2) the authors refer to log likelihood chi square testing to compare the nested model. Where do I find these relevant likelehood values for this testing? mplus depicts only H0 likelihood value. I'm using MLR with numerical integration.
3.) Are there any other strategies to fit two-part models?
4) I plan to fit a two part model in an intervention group and control group. After that i want to do multiple goup modeling. Is it necessary that the growth shape of both parts of the intervention group is equal to the correspondend parts of the two-part model of the control group (e.g. both groups have a linear slope in the binary part and a quadratic slope in the cont-part)... I know, that this is a necessary condition in normal LGM multiple group comparison.

Thanks!
Michael

Bengt O. Muthen posted on Friday, December 14, 2007 - 10:49 am

1) You can simply comment out the model part and the variables in the USEV list (and categorical list).

2) The LLs should be used. I don't think using chi-square testing for the continuous part is correct, because that is acting as if the missing data was seen in the data.

3) See the Kim & Muthen 2-part factor analysis paper on this web site.

4) This is the same as for regular growth. I think one type of intervention effect could be that the growth shape changes after the intervention, so I wouldn't restrict myself there.

Michael Spaeth posted on Sunday, December 16, 2007 - 5:20 am

Thanks a lot Prof. Muthén!

1.) o.k.

2.) The "HO Value"? I have used MLR for both parts, just as it is described in ex 6.16. Is it also possible to use ML, because then i can use the values without correction and this is not so time-consuming!? Articles related to two-part give no hint regarding this issue...

3.) thanks!

4.) just to clarify: both corresponding parts in control and intervention group must have the same growth shape to do multiple group? So if that is not the case, i would follow the covariate approach as described in Brown et al. (2005) to test for intervention effects...

Michael Spaeth posted on Sunday, December 16, 2007 - 8:24 am

2.) I've done some calculations since my last post. two-part indeed helped to normalize my data, so I'm guite sure that I can modify ex. 6.16 with regard to: MLR=ML and tranformation = log into transformation = none, right?

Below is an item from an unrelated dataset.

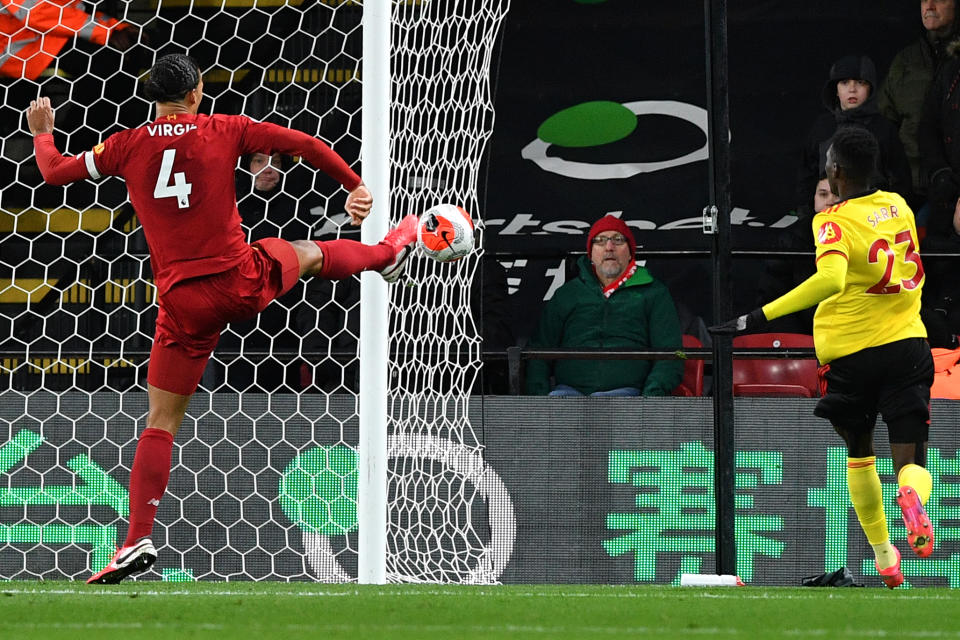 Liverpool's Dutch defender Virgil van Dijk misses a chance at goal during the English Premier League football match between Watford and Liverpool at Vicarage Road Stadium in Watford, north of London on February 29, 2020. (Photo by Justin TALLIS / AFP) / RESTRICTED TO EDITORIAL USE. No use with unauthorized audio, video, data, fixture lists, club/league logos or 'live' services. Online in-match use limited to 120 images. An additional 40 images may be used in extra time. No video emulation. Social media in-match use limited to 120 images. An additional 40 images may be used in extra time. No use in betting publications, games or single club/league/player publications. /  (Photo by JUSTIN TALLIS/AFP via Getty Images)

If that is right, only question no. 4 is still a little bit unclear for me :-).

Regards,
Michael

Bengt O. Muthen posted on Sunday, December 16, 2007 - 11:36 am

2) Yes, the H0 LL value. No transformation is ok, but log transformation is more statistically sound. ML might be sufficient.

4) If you have an intervention dummy covariate influencing a slope growth factor, then the intervention and control group should have the same growth shape for this influence to be seen as an intervention effect.

Michael Spaeth posted on Monday, December 17, 2007 - 2:31 am

thanks again...! my last questions so far: I've done a log-transformation in two-part and after that I was not able to find a sufficient fitting growth shape for the continuous part. In detail: With log transformation my alcohol-use mean decreased from t1 to t2 which hinders the growth shape to be modelled in a linear or quadratic fashion. In the untransformed data I found this was not the case. The mean increased from t1 to t2.
Any possible reasons for that?

4) how can one statistically test for intervention effects if the continuous parts have not the same shape? (the binary parts do have)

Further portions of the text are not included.